* _ASSIGNMENT_:
All of the entries below are to be repeated word for word.

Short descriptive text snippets

—————

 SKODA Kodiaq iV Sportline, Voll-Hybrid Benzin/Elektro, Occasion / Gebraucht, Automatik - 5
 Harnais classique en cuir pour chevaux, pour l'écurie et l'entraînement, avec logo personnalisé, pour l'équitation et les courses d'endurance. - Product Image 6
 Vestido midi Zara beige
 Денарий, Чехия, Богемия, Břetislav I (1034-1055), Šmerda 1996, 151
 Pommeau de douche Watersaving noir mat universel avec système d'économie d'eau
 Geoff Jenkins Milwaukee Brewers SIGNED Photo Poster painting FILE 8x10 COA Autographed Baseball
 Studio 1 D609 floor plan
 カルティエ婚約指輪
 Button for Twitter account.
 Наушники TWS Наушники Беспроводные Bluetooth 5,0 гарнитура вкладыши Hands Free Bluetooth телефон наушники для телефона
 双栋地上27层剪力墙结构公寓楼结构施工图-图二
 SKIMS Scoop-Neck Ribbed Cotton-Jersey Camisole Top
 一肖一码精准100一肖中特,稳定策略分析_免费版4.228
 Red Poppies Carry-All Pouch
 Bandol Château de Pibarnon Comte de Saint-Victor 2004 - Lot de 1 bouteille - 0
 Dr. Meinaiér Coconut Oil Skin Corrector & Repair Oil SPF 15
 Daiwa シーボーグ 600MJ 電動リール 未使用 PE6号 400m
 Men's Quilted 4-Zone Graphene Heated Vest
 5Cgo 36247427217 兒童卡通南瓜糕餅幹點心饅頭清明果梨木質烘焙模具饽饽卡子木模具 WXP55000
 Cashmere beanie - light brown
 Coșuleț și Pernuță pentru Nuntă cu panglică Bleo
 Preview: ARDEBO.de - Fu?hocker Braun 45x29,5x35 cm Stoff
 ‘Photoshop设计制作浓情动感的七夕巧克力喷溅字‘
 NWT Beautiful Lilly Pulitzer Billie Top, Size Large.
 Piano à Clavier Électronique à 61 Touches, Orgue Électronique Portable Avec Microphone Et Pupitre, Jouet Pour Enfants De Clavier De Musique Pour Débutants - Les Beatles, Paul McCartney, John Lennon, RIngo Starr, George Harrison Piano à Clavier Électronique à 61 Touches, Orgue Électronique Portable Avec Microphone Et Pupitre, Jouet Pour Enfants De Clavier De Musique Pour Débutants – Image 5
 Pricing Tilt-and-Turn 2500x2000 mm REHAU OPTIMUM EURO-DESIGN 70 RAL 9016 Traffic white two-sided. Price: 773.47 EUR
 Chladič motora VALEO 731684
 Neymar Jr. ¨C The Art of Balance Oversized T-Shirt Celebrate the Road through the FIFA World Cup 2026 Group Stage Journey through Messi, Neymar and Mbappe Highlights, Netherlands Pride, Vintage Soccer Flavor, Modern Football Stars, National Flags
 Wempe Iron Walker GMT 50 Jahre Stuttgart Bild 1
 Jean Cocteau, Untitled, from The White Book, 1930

—————

* _EXPECTED ANSWER_:
 SKODA Kodiaq iV Sportline, Voll-Hybrid Benzin/Elektro, Occasion / Gebraucht, Automatik - 5
 Harnais classique en cuir pour chevaux, pour l'écurie et l'entraînement, avec logo personnalisé, pour l'équitation et les courses d'endurance. - Product Image 6
 Vestido midi Zara beige
 Денарий, Чехия, Богемия, Břetislav I (1034-1055), Šmerda 1996, 151
 Pommeau de douche Watersaving noir mat universel avec système d'économie d'eau
 Geoff Jenkins Milwaukee Brewers SIGNED Photo Poster painting FILE 8x10 COA Autographed Baseball
 Studio 1 D609 floor plan
 カルティエ婚約指輪
 Button for Twitter account.
 Наушники TWS Наушники Беспроводные Bluetooth 5,0 гарнитура вкладыши Hands Free Bluetooth телефон наушники для телефона
 双栋地上27层剪力墙结构公寓楼结构施工图-图二
 SKIMS Scoop-Neck Ribbed Cotton-Jersey Camisole Top
 一肖一码精准100一肖中特,稳定策略分析_免费版4.228
 Red Poppies Carry-All Pouch
 Bandol Château de Pibarnon Comte de Saint-Victor 2004 - Lot de 1 bouteille - 0
 Dr. Meinaiér Coconut Oil Skin Corrector & Repair Oil SPF 15
 Daiwa シーボーグ 600MJ 電動リール 未使用 PE6号 400m
 Men's Quilted 4-Zone Graphene Heated Vest
 5Cgo 36247427217 兒童卡通南瓜糕餅幹點心饅頭清明果梨木質烘焙模具饽饽卡子木模具 WXP55000
 Cashmere beanie - light brown
 Coșuleț și Pernuță pentru Nuntă cu panglică Bleo
 Preview: ARDEBO.de - Fu?hocker Braun 45x29,5x35 cm Stoff
 ‘Photoshop设计制作浓情动感的七夕巧克力喷溅字‘
 NWT Beautiful Lilly Pulitzer Billie Top, Size Large.
 Piano à Clavier Électronique à 61 Touches, Orgue Électronique Portable Avec Microphone Et Pupitre, Jouet Pour Enfants De Clavier De Musique Pour Débutants - Les Beatles, Paul McCartney, John Lennon, RIngo Starr, George Harrison Piano à Clavier Électronique à 61 Touches, Orgue Électronique Portable Avec Microphone Et Pupitre, Jouet Pour Enfants De Clavier De Musique Pour Débutants – Image 5
 Pricing Tilt-and-Turn 2500x2000 mm REHAU OPTIMUM EURO-DESIGN 70 RAL 9016 Traffic white two-sided. Price: 773.47 EUR
 Chladič motora VALEO 731684
 Neymar Jr. ¨C The Art of Balance Oversized T-Shirt Celebrate the Road through the FIFA World Cup 2026 Group Stage Journey through Messi, Neymar and Mbappe Highlights, Netherlands Pride, Vintage Soccer Flavor, Modern Football Stars, National Flags
 Wempe Iron Walker GMT 50 Jahre Stuttgart Bild 1
 Jean Cocteau, Untitled, from The White Book, 1930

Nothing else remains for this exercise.